Transcribe the data exactly, omitting whatever pictures it holds.

- SUPPLIED DATA -

——————

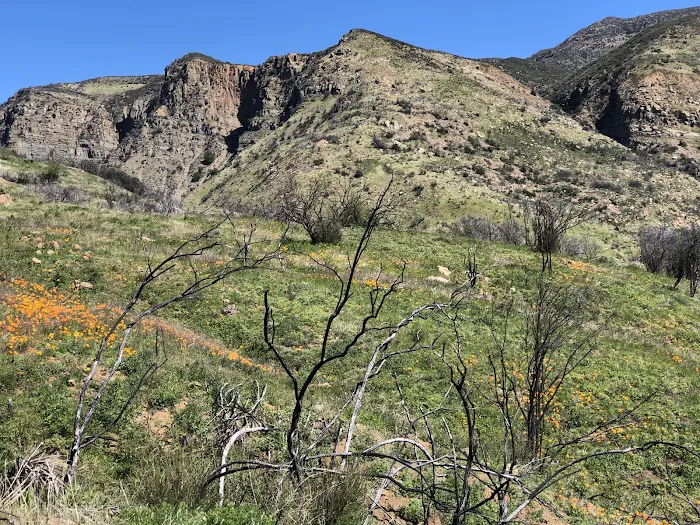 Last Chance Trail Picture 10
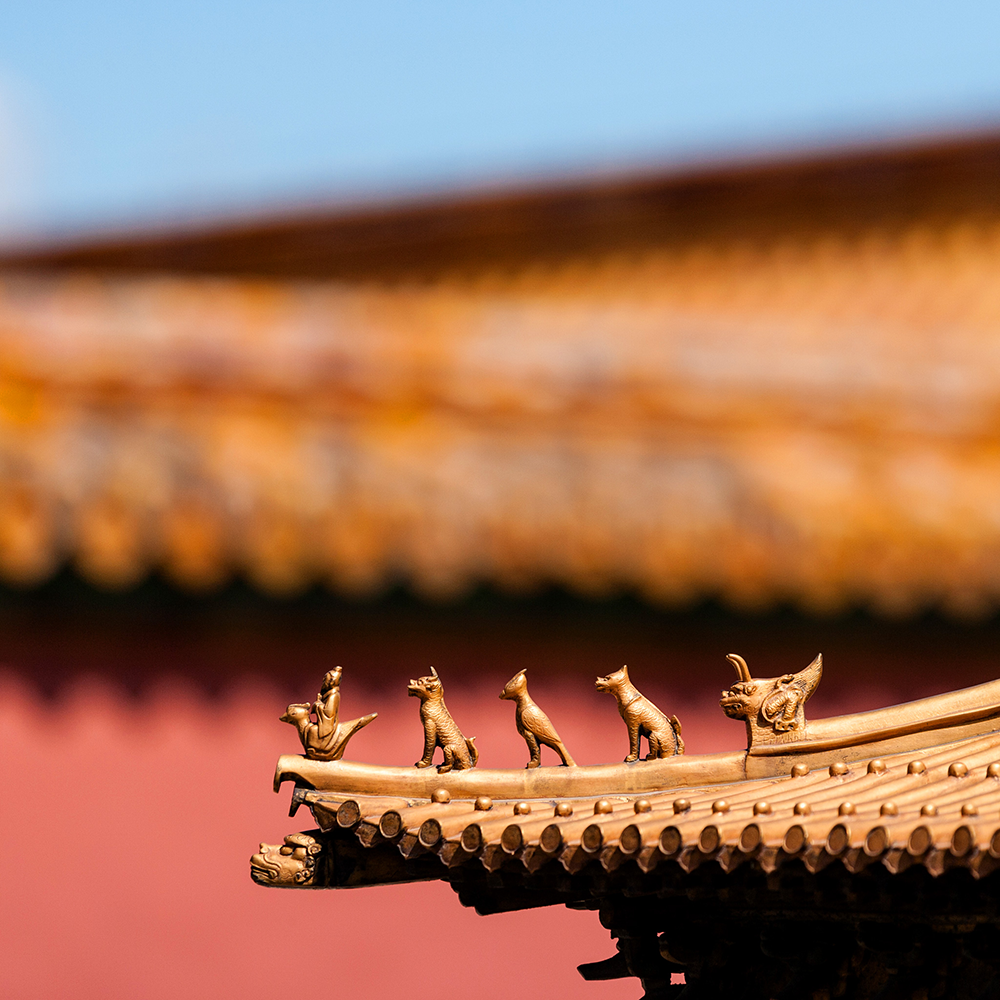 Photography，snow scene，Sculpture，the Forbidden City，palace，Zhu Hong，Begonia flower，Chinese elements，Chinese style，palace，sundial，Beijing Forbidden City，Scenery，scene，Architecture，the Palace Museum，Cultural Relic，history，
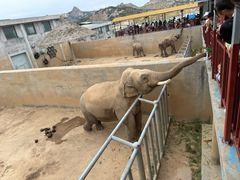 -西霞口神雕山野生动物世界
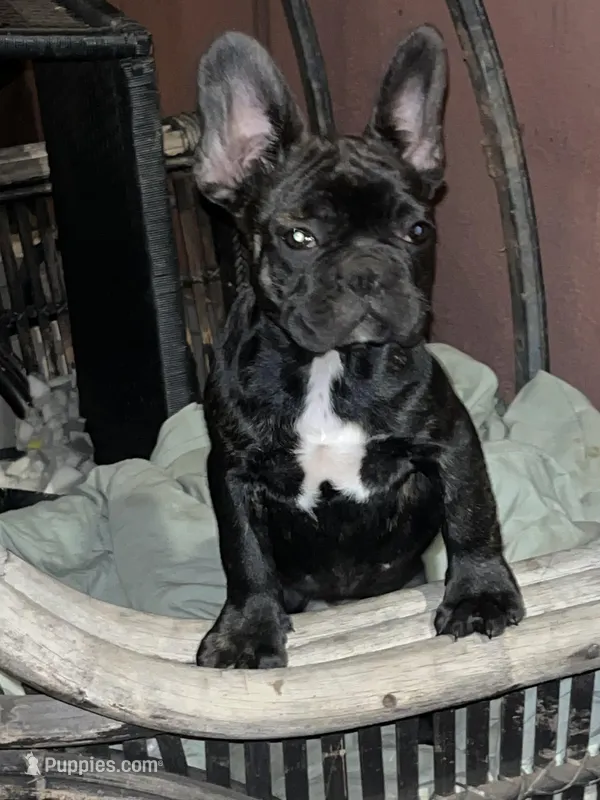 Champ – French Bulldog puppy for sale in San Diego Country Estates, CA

——————

- ANSWER BELOW -
 Last Chance Trail Picture 10
 Photography，snow scene，Sculpture，the Forbidden City，palace，Zhu Hong，Begonia flower，Chinese elements，Chinese style，palace，sundial，Beijing Forbidden City，Scenery，scene，Architecture，the Palace Museum，Cultural Relic，history，
 -西霞口神雕山野生动物世界
 Champ – French Bulldog puppy for sale in San Diego Country Estates, CA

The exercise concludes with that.